= Beginning of Section =

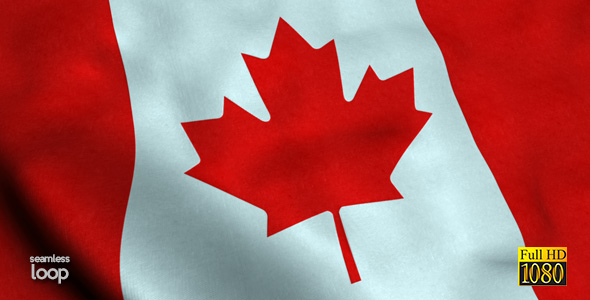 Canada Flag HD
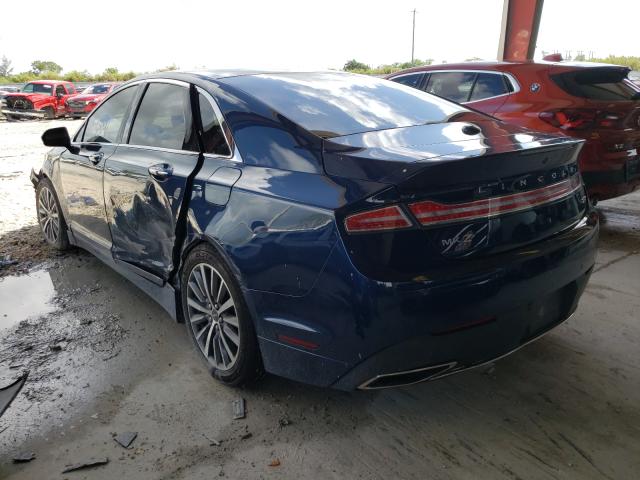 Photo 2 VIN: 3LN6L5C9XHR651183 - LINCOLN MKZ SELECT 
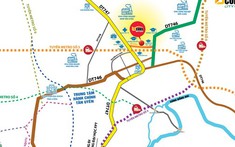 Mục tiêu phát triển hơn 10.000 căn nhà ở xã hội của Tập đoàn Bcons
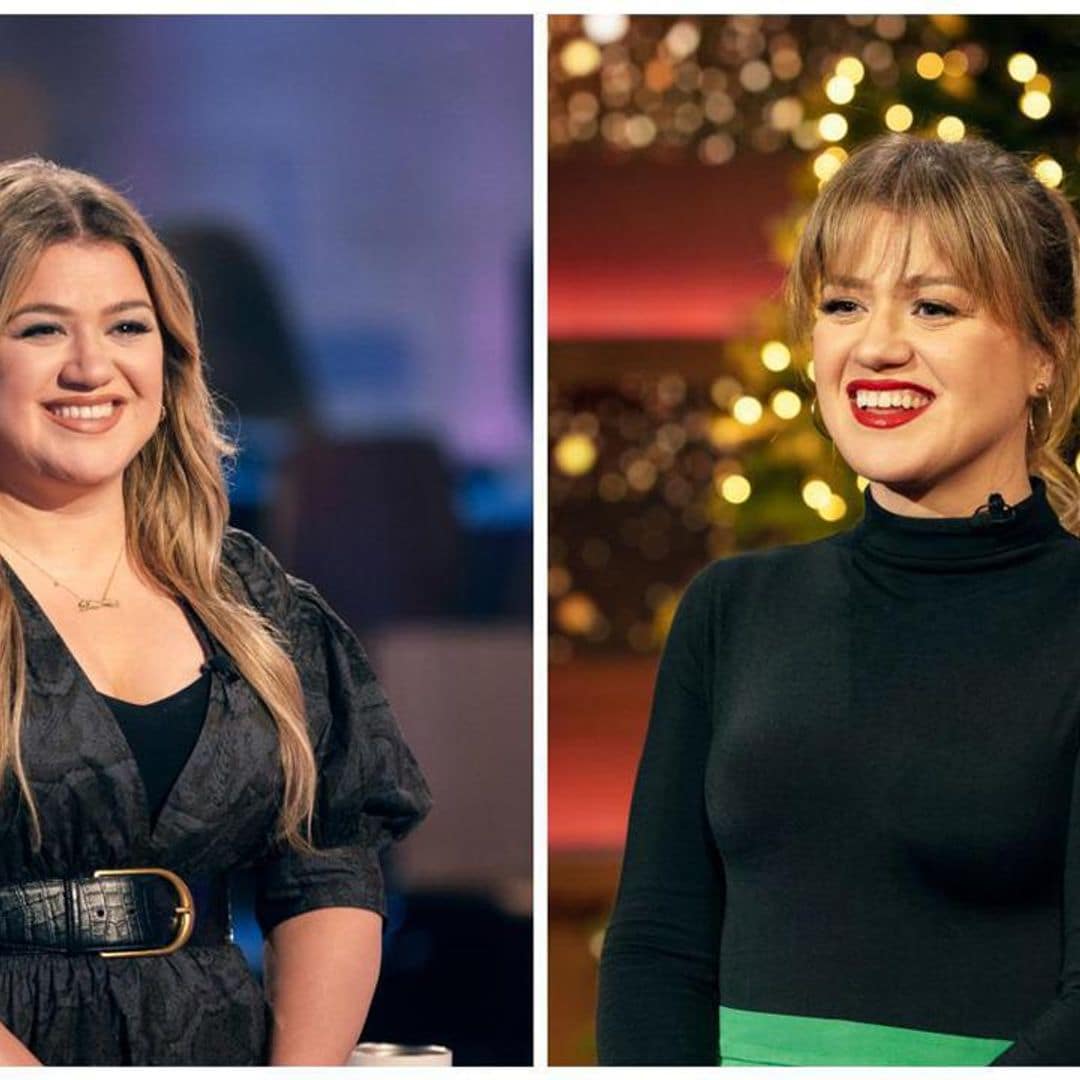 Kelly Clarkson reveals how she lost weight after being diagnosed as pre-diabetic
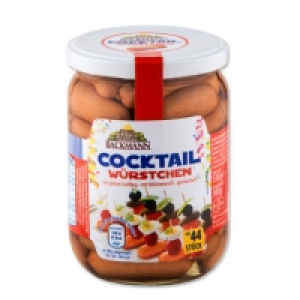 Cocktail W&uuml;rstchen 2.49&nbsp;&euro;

= End of Section =

Task item
Transcribe only the lines from the line holding "Kelly Clarkson reveals" to the final line of the listing above. Keep them exact, include both ends, and skip the pictures.

Result for this task
 Kelly Clarkson reveals how she lost weight after being diagnosed as pre-diabetic
 Cocktail W&uuml;rstchen 2.49&nbsp;&euro;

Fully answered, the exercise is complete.